Conservation leaders who’ve been tracking the status of a resolution that could decide the fate of the Boundary Waters Canoe Area Wilderness are now sounding the alarm. A vote that will either affirm or eliminate protections for the Boundary Waters Canoe Area Wilderness will happen as early as Wednesday.
“We just got notice that there’s time being held on the floor [Wednesday] for the CRA resolution,” executive director of Save the Boundary Waters Ingrid Lyons said in a call to action from D.C. Tuesday evening. “So it’s not official that it will be voted on but it’s on the docket, it’s in the queue. Which makes sense, there’s only two weeks left here on the CRA. But we’re getting official word that the vote could be as soon as tomorrow, so, continue to call your senators. It’s go time.”
House Joint Resolution 140 passed the House of Representatives in January, but has since stalled in the Senate. It relied on an unprecedented use of the Congressional Review Act to overturn a 20-year mineral withdrawal enacted in 2023. The Minnesota Star-Tribune reported last month that there has been a lack of consensus among lawmakers over the issue.
Save the Boundary Waters declined to comment on whether the vote is moving forward now because enough votes have been secured to pass the resolution, or if the 60-day expiration on the resolution is forcing Senators to move forward anyway.
“[This vote] will decide the fate of the Boundary Waters Canoe Area Wilderness. This bill sells out America’s public lands to foreign mining interests — plain and simple,” Lyons said in a separate statement. “Support for H.J. Res. 140 hides behind ‘America First’ rhetoric, but in reality, this resolution risks one of our most cherished landscapes for a project that benefits foreign companies — not the American people. It sets a dangerous precedent nationwide for public lands, opening up more than 225,000 acres of protected federal land in the headwaters of the Boundary Waters and Voyageurs National Park to the threat of sulfide-ore copper mining.”

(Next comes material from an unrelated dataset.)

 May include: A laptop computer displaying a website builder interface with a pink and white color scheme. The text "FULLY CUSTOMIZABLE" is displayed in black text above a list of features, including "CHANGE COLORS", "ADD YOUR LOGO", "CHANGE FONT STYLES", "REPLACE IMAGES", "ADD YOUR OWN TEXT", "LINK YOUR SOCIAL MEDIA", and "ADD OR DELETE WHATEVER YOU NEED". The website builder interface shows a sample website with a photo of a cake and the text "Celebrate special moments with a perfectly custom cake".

The U.S. House of Representatives narrowly passed HJR 140 this winter, which puts a copper-nickel mine on the edge of the Boundary Waters Canoe Area Wilderness one step closer to reality. The House voted 214-208 in favor of overturning the BWCA’s current protections, which cover 225,504 acres in the Superior National Forest and center around the Rainy River Watershed that lies upstream of the BWCA.
Related: Trump Administration and Congress Are Attempting an ‘Unprecedented Maneuver’ to Roll Back Minnesota’s Boundary Waters Protections
“The Boundary Waters is the pinnacle of wild places,” Matthew Schultz with Sportsmen for the Boundary Waters told OL in January. “The chance of polluting a place like that to me is pretty crazy. It just doesn’t shake out.”